Would you reproduce, word for word, only the lines running from the top of the data through the line containing "back of property", and none of the pictures?

DATA FOR ANALYSIS START

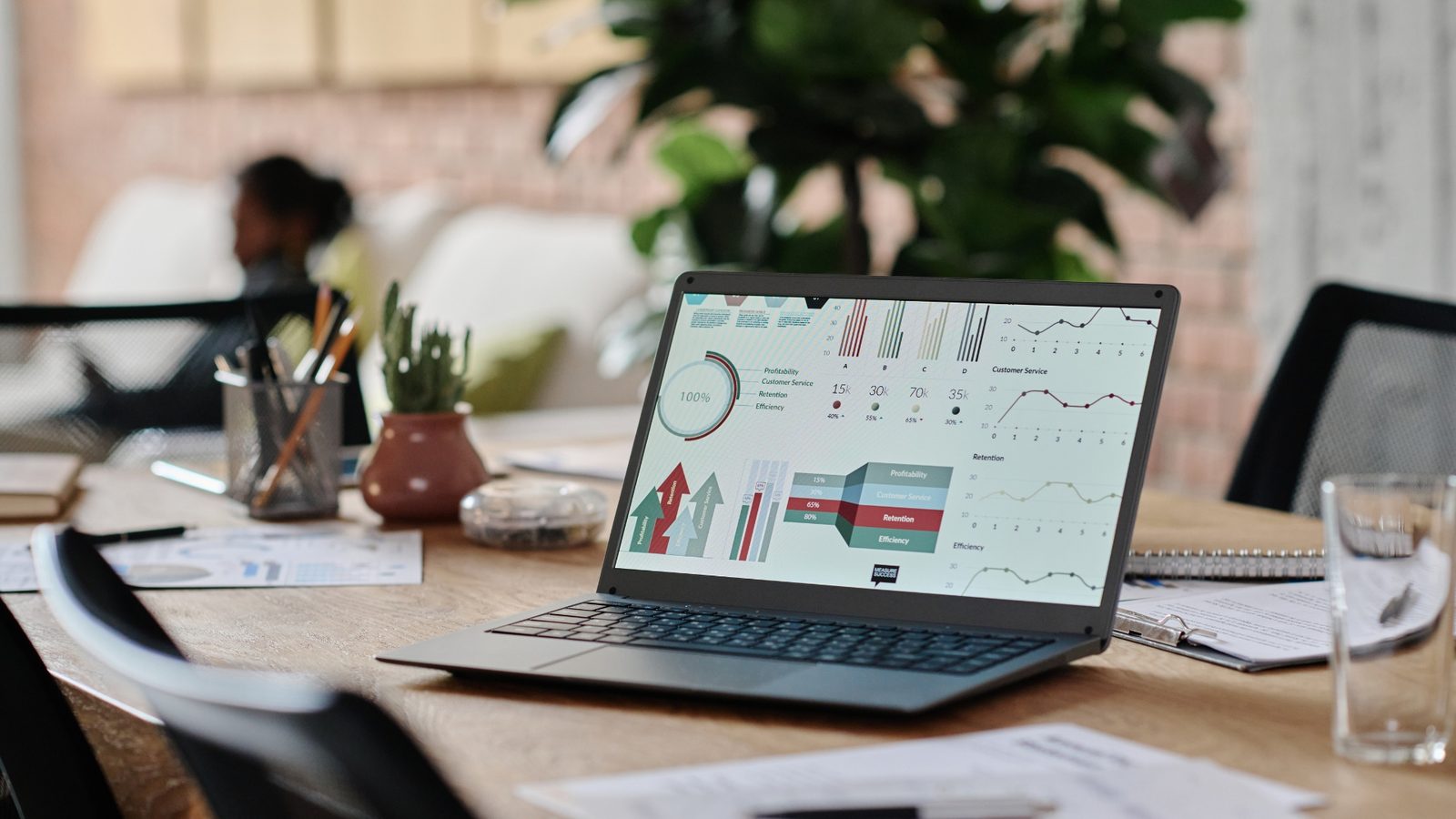 Laptop mit Diagrammen zur Kostenauswertung auf einem Schreibtisch im Büro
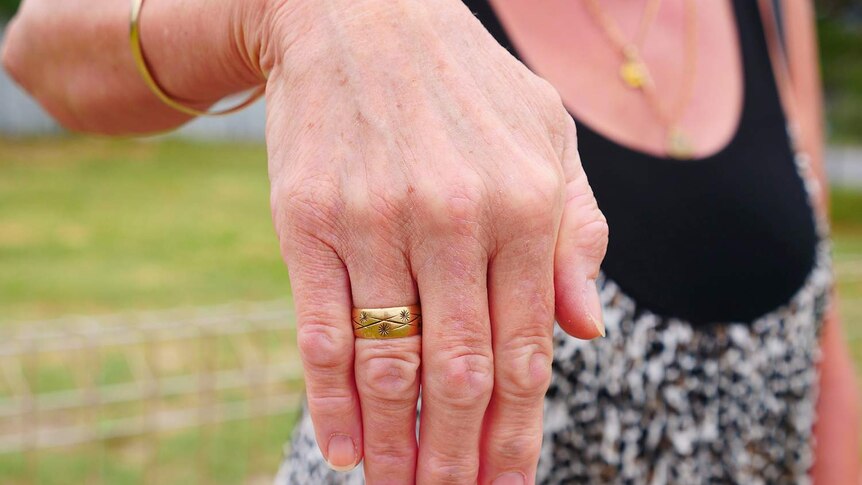 Woman's hand showing a gold ring with star details.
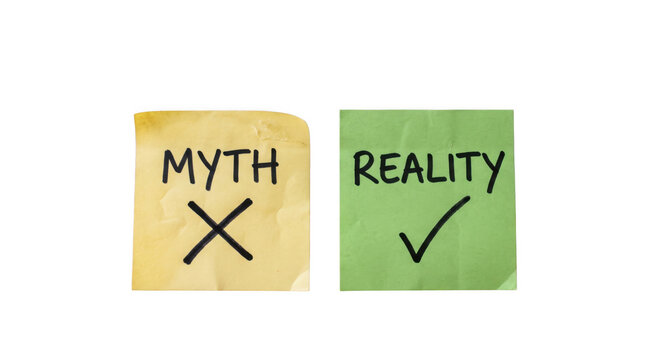 Concept of myth versus reality with checkmark and cross symbols on sticky notes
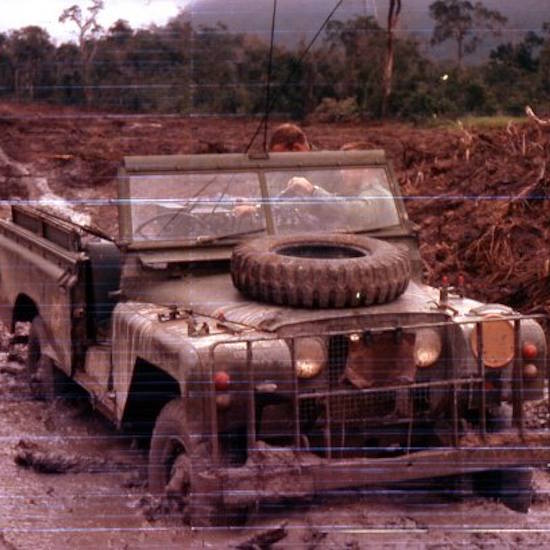 A Series 2 Land Rover in Vietnam bogged in mud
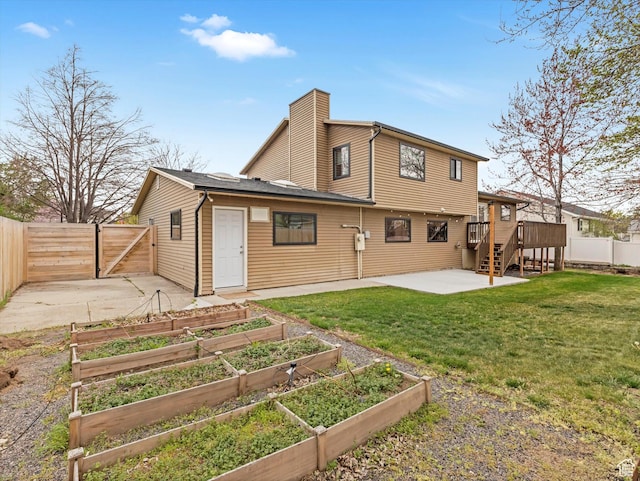 back of property featuring a gate, a patio area, a chimney, fence, and a garden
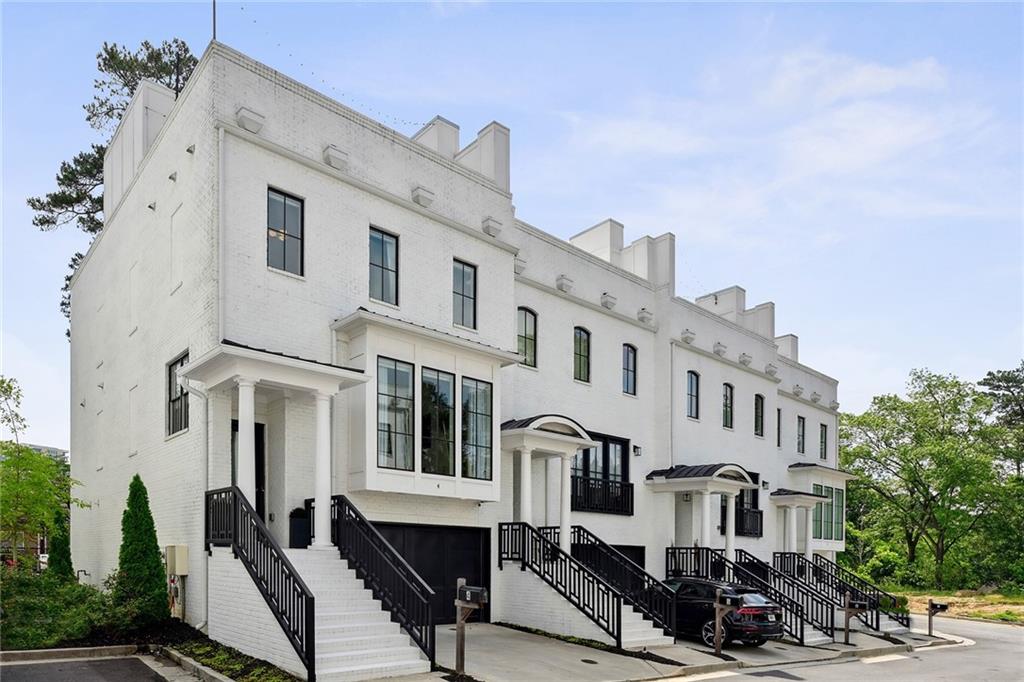 a front view of a building with many windows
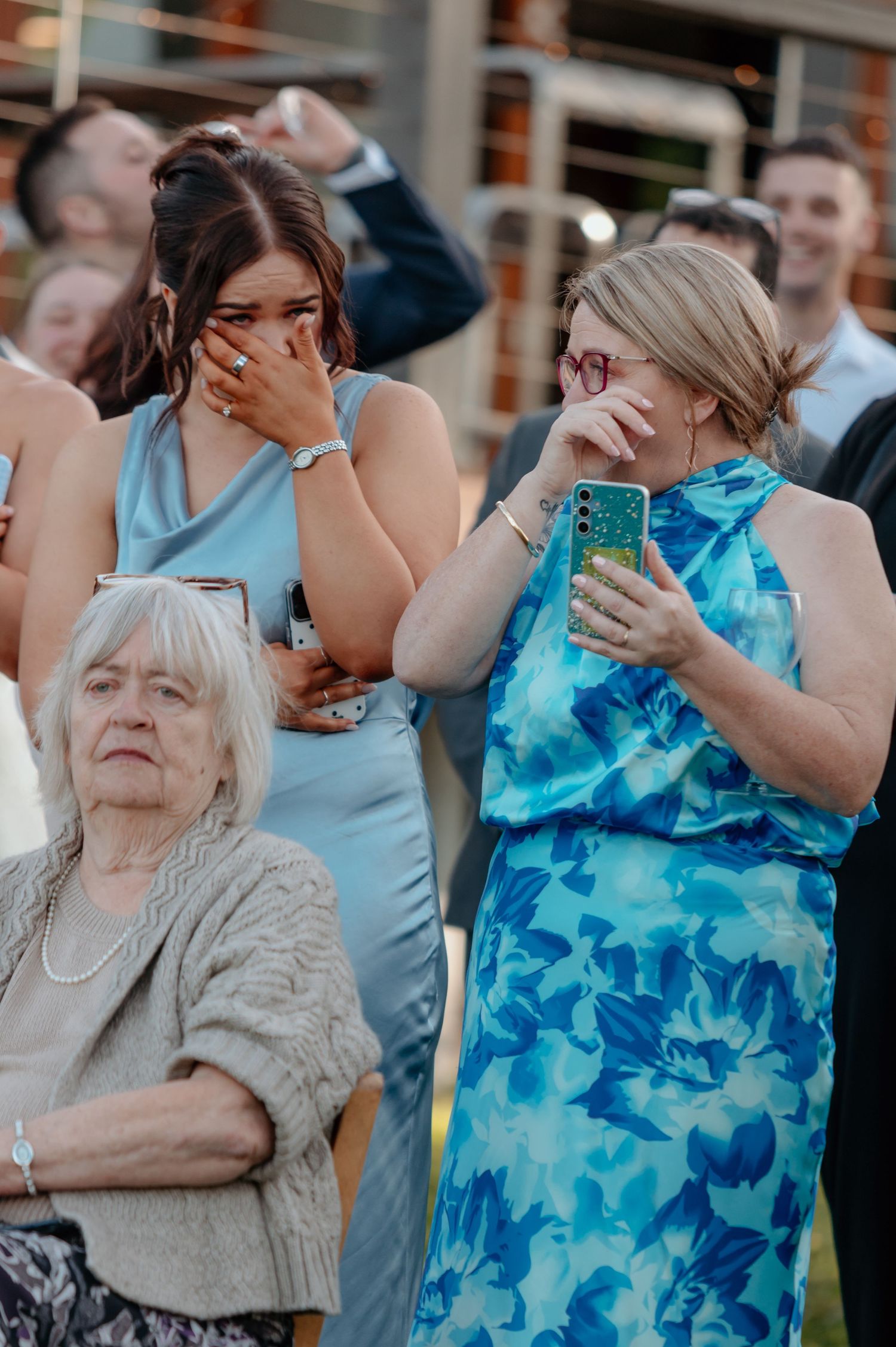 A sequence of emotional reactions showing people in blue dresses and formal attire at what appears to be an outdoor event.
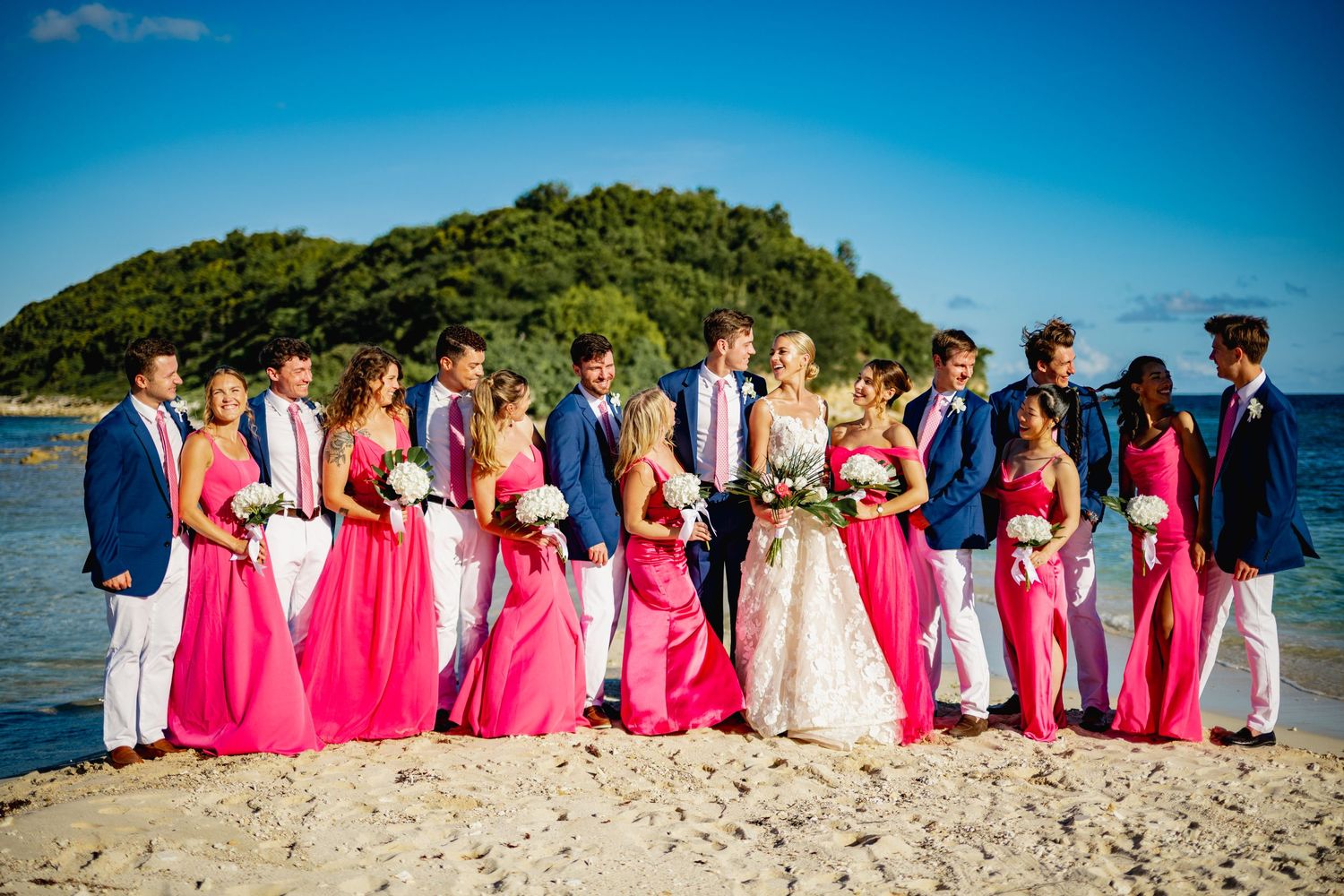 Wedding party in pink bridesmaid dresses and white attire poses together on tropical beach.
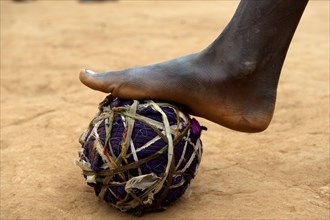 Child playing football with homemade ball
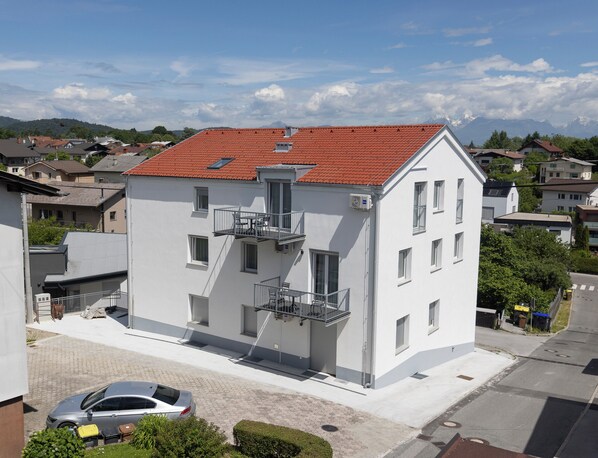A modern two-story building with a red-tiled roof, multiple balconies, and a parking area with a car and a yellow suitcase. - Villa Andrea Apartments - Ljubljana (Ljubljana)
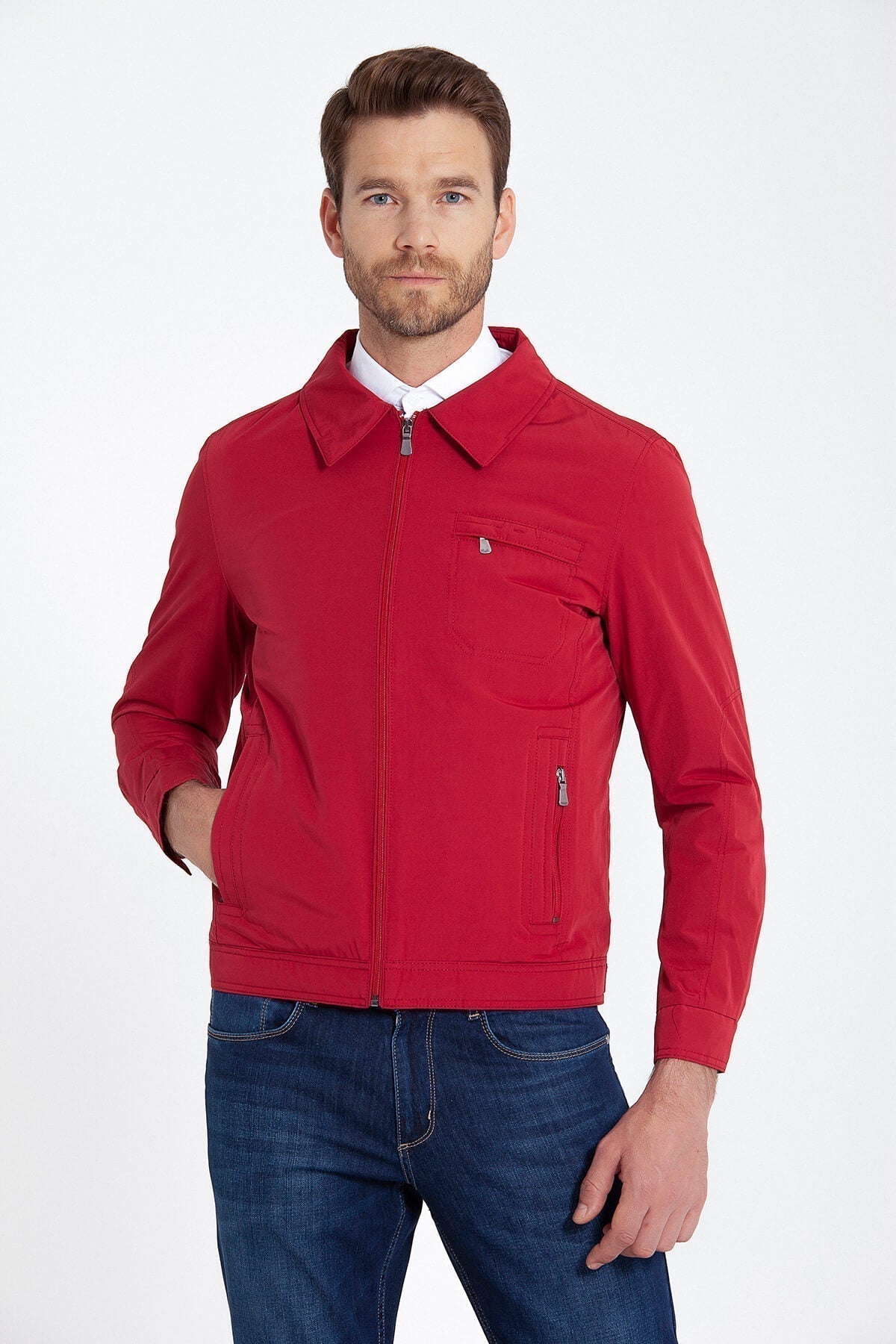 Red zip-up jacket with a collar and two front pockets, one featuring a zipper closure.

DATA FOR ANALYSIS END

ANSWER AREA:
 Laptop mit Diagrammen zur Kostenauswertung auf einem Schreibtisch im Büro
 Woman's hand showing a gold ring with star details.
 Concept of myth versus reality with checkmark and cross symbols on sticky notes
 A Series 2 Land Rover in Vietnam bogged in mud
 back of property featuring a gate, a patio area, a chimney, fence, and a garden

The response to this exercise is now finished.